Exercise details :: The response should consist only of the lines from the one with "VIFA XT25SC90-04 VIFA XT25SC90-04" to the end of the data below, copied exactly and without pictures.
Data provided START
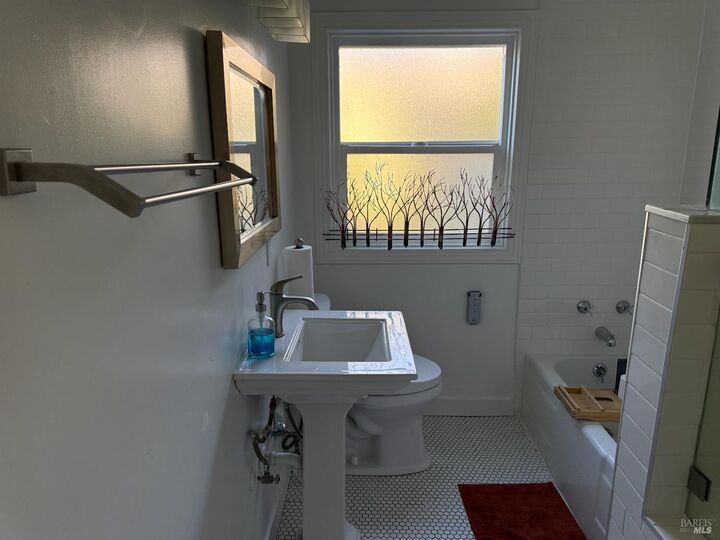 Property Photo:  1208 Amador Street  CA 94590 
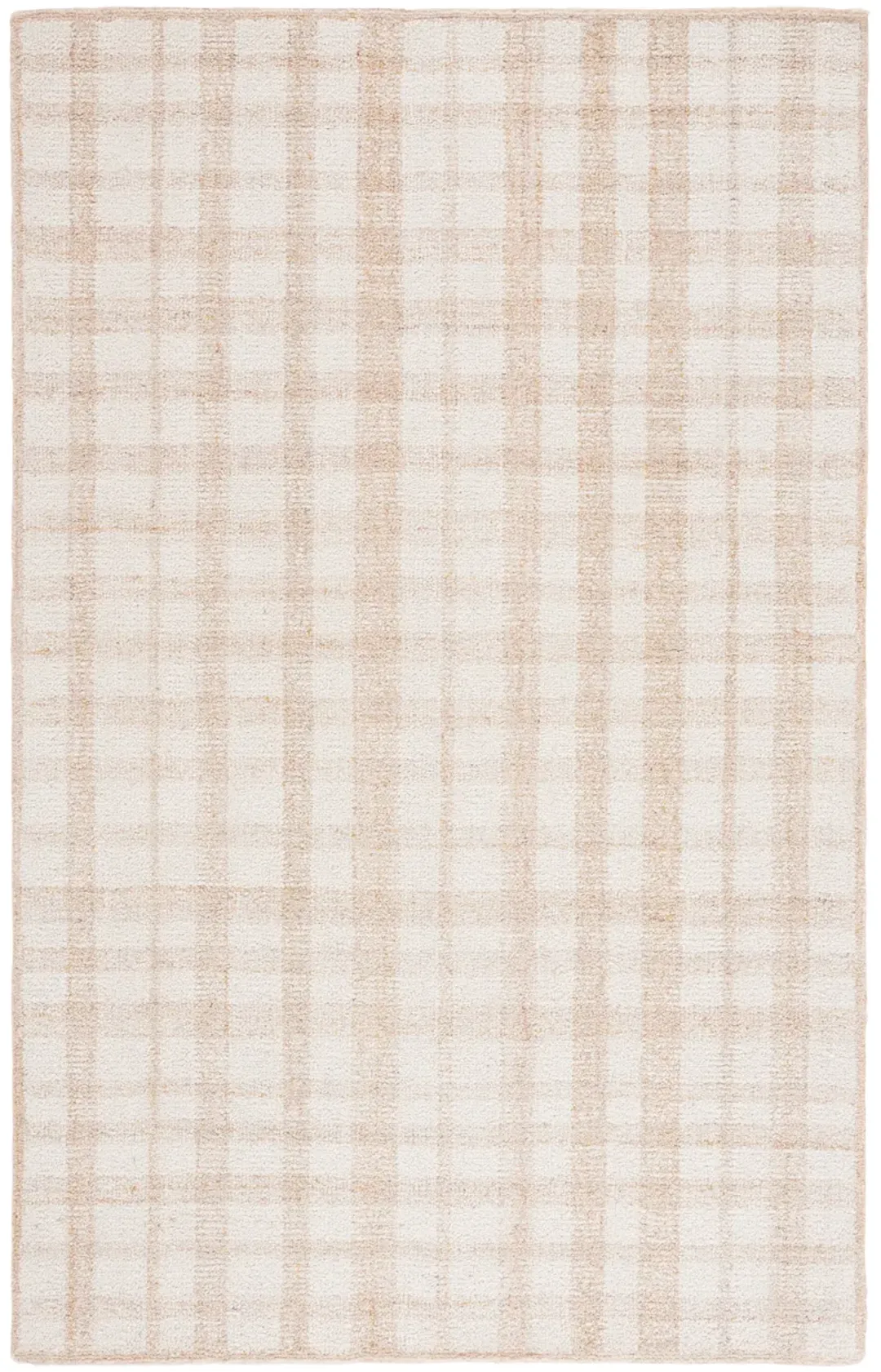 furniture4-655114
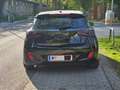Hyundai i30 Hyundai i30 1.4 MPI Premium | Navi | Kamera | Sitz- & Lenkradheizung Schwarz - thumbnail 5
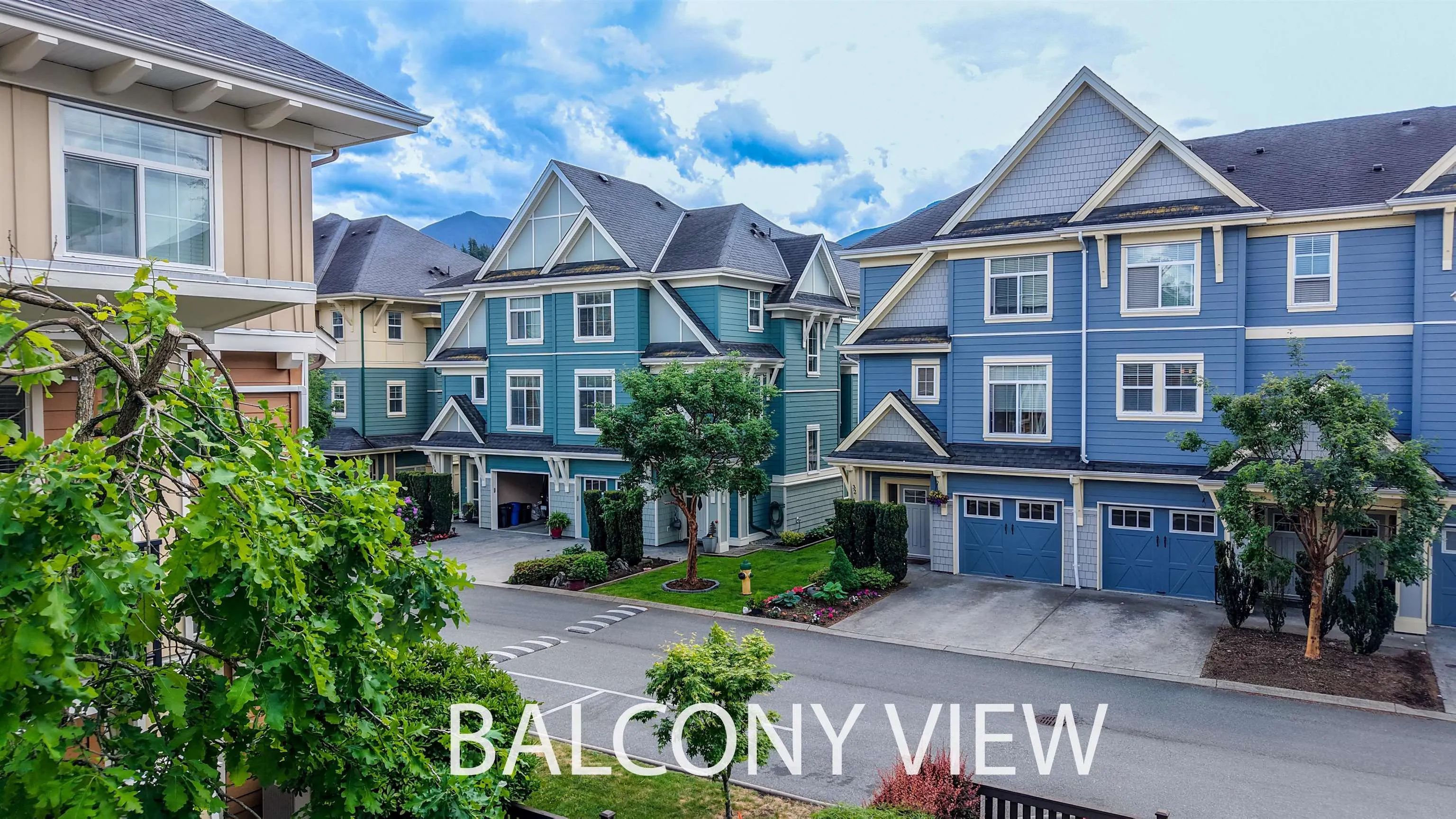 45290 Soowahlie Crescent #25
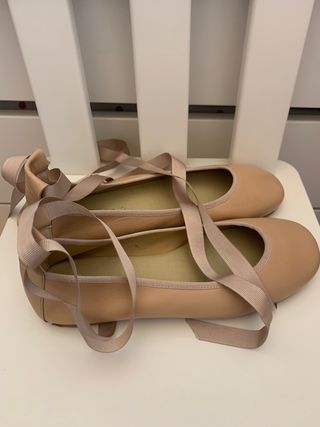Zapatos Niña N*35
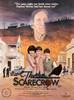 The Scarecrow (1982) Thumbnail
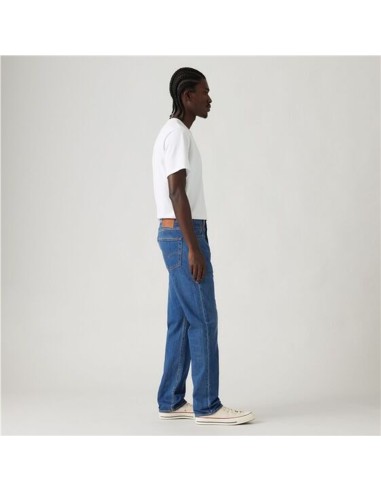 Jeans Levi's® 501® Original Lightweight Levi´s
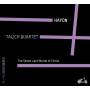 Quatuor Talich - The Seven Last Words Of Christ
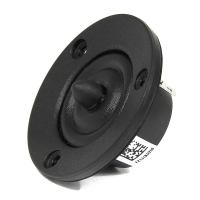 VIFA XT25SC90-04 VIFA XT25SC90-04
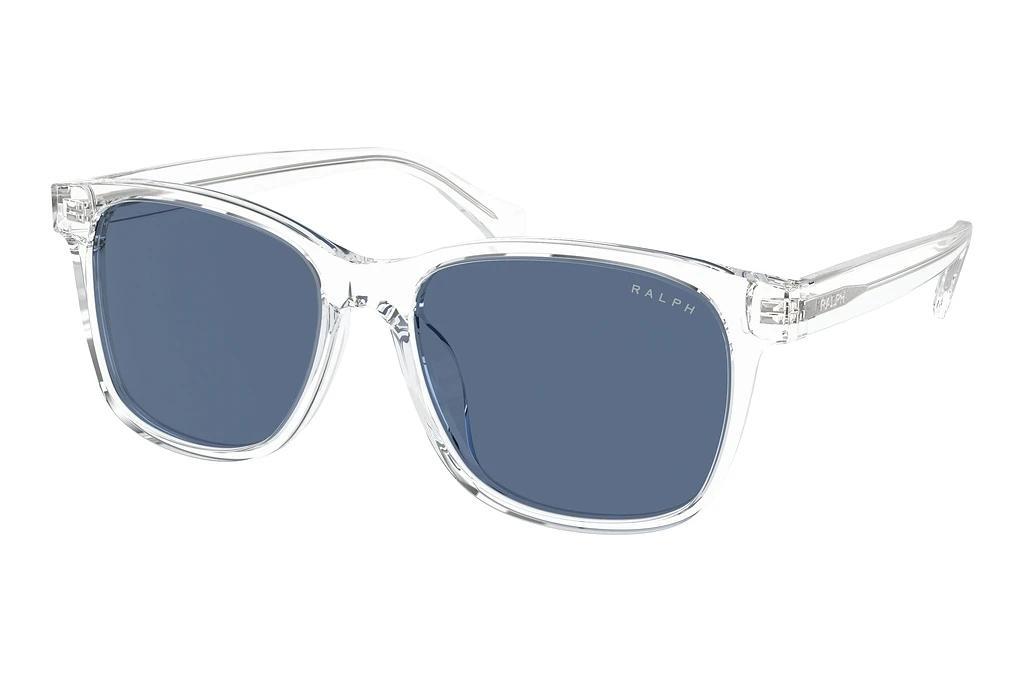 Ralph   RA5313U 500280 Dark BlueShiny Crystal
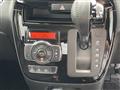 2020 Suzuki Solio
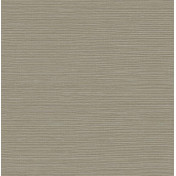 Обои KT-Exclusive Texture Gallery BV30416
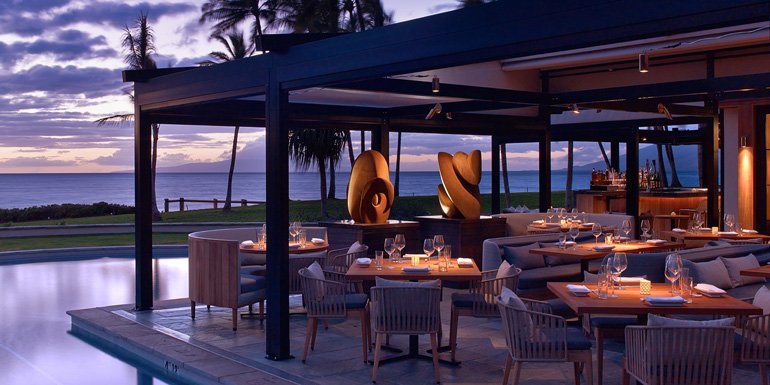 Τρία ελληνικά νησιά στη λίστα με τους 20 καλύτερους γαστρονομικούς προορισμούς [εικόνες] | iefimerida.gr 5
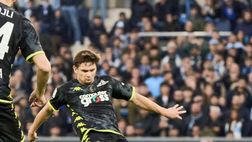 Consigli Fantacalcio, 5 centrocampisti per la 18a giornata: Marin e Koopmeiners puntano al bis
Data provided END
Answer to the exercise ::
 VIFA XT25SC90-04 VIFA XT25SC90-04
 Ralph   RA5313U 500280 Dark BlueShiny Crystal
 2020 Suzuki Solio
 Обои KT-Exclusive Texture Gallery BV30416
 Τρία ελληνικά νησιά στη λίστα με τους 20 καλύτερους γαστρονομικούς προορισμούς [εικόνες] | iefimerida.gr 5
 Consigli Fantacalcio, 5 centrocampisti per la 18a giornata: Marin e Koopmeiners puntano al bis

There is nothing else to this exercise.